▶ [Supplied data]:
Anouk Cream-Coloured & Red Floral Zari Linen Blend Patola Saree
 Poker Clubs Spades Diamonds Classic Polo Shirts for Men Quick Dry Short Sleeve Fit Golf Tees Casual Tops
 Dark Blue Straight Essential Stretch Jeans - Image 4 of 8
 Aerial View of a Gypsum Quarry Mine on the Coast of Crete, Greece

▶ [What needs to be done]: The complete listing, from first line to last, should be copied verbatim.

▶ [Task result]:
Anouk Cream-Coloured & Red Floral Zari Linen Blend Patola Saree
 Poker Clubs Spades Diamonds Classic Polo Shirts for Men Quick Dry Short Sleeve Fit Golf Tees Casual Tops
 Dark Blue Straight Essential Stretch Jeans - Image 4 of 8
 Aerial View of a Gypsum Quarry Mine on the Coast of Crete, Greece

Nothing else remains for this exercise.